=== Problem ===
When you reach the line below that has "BILLY Bookcase corner", start returning lines exactly, and stop after the line that has "Christian Louboutin Veau"; skip the pictures.

*** Dataset ***

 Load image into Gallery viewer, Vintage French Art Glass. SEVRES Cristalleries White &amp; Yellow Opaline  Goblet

*** End of Dataset ***
*** Dataset ***

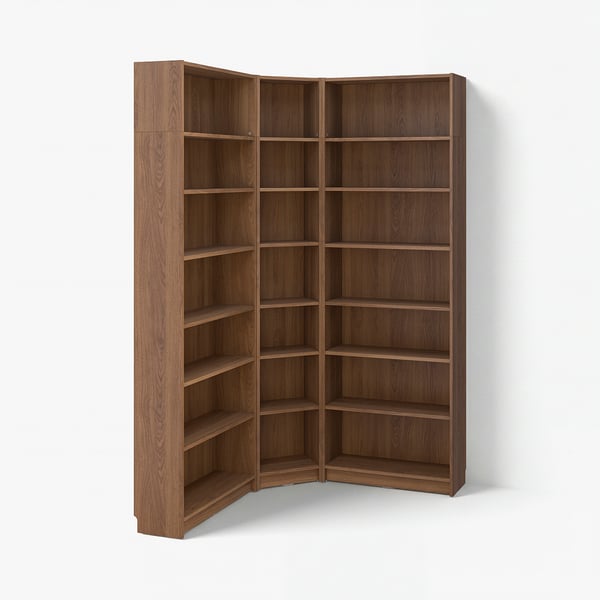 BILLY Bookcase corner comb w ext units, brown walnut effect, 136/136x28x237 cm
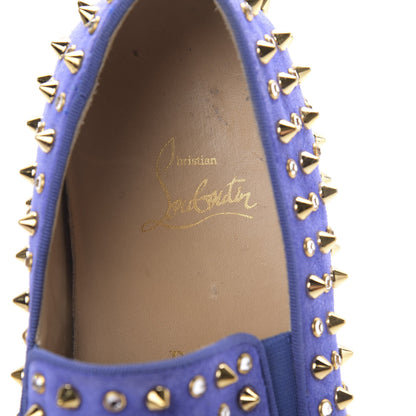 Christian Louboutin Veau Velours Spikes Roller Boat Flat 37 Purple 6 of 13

*** End of Dataset ***
*** Dataset ***

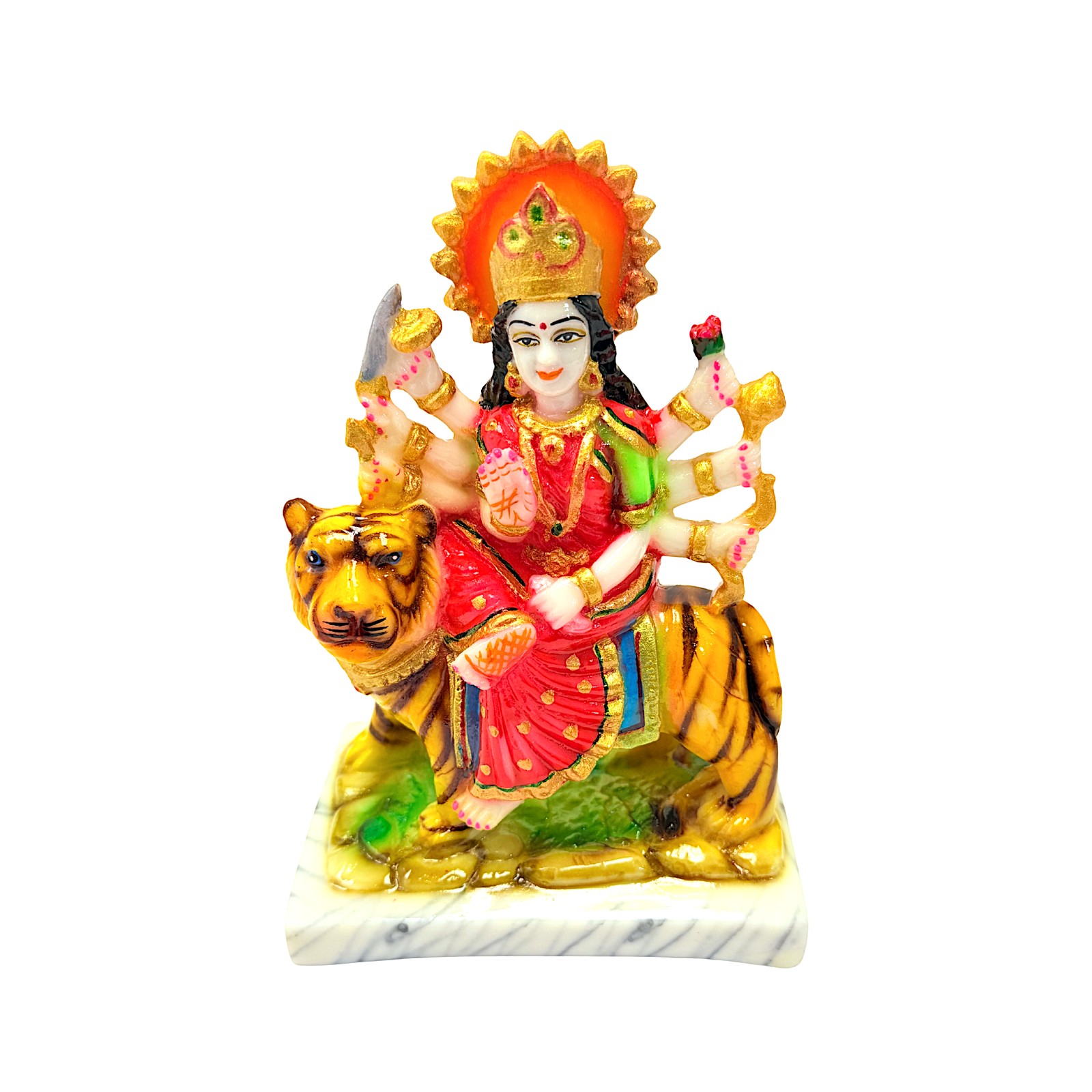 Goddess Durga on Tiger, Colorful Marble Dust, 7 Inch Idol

*** End of Dataset ***

=== Solution for this exercise ===
 BILLY Bookcase corner comb w ext units, brown walnut effect, 136/136x28x237 cm
 Christian Louboutin Veau Velours Spikes Roller Boat Flat 37 Purple 6 of 13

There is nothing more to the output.